McKesson Advances Novel Argument to Avoid Opioid Liability


Drug distributor McKesson Corp. says its $40 billion contract with the federal government to deliver pharmacy products—including opioids—should protect it from liability for the opioid epidemic.

In papers filed in federal court, it says a prescription drug supply contract it signed with the Department of Veterans Affairs and the Indian Health Service enables it to raise a government contractor defense to liability in the Cherokee Nation’s suit against it.
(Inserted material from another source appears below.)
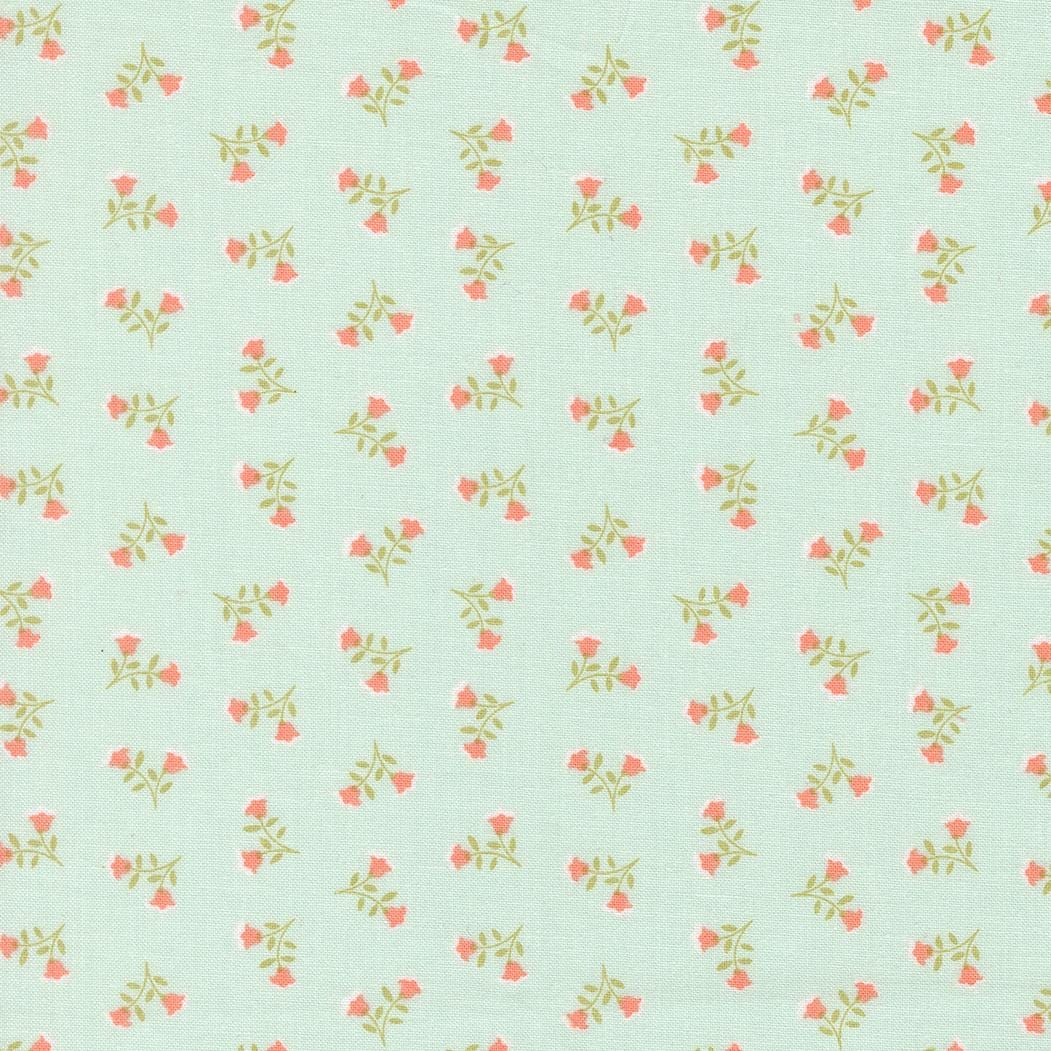 a repeating pattern of small pink flowers on a light green background.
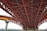 A detailed view of a large steel bridge structure with red and orange iron beams intersecting in a geometric pattern. The bridge is elevated, supported by concrete pillars, with a cityscape visible in the background.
The government contractor defense immunizes contractors from liability for conduct that complies with the specifications of a federal contract, McKesson said. Although there’s no guarantee McKesson could prevail on the government contractor defense, it could escape paying significant damages to the nation if it successfully asserts it in the case.

The Cherokee Nation sued McKesson, Cardinal Health Inc., AmerisourceBergen, CVS Health, Walgreens Boots Alliance Inc., and Wal-Mart Stores Inc., claiming the companies caused and perpetuated the opioid prescription drug abuse epidemic in the Cherokee Nation. The suit seeks to hold the companies accountable for costs the nation incurred in responding to the epidemic.

The suit is currently in federal court after McKesson removed it from Oklahoma state court. The Cherokee Nation is seeking to have the suit sent back to state court.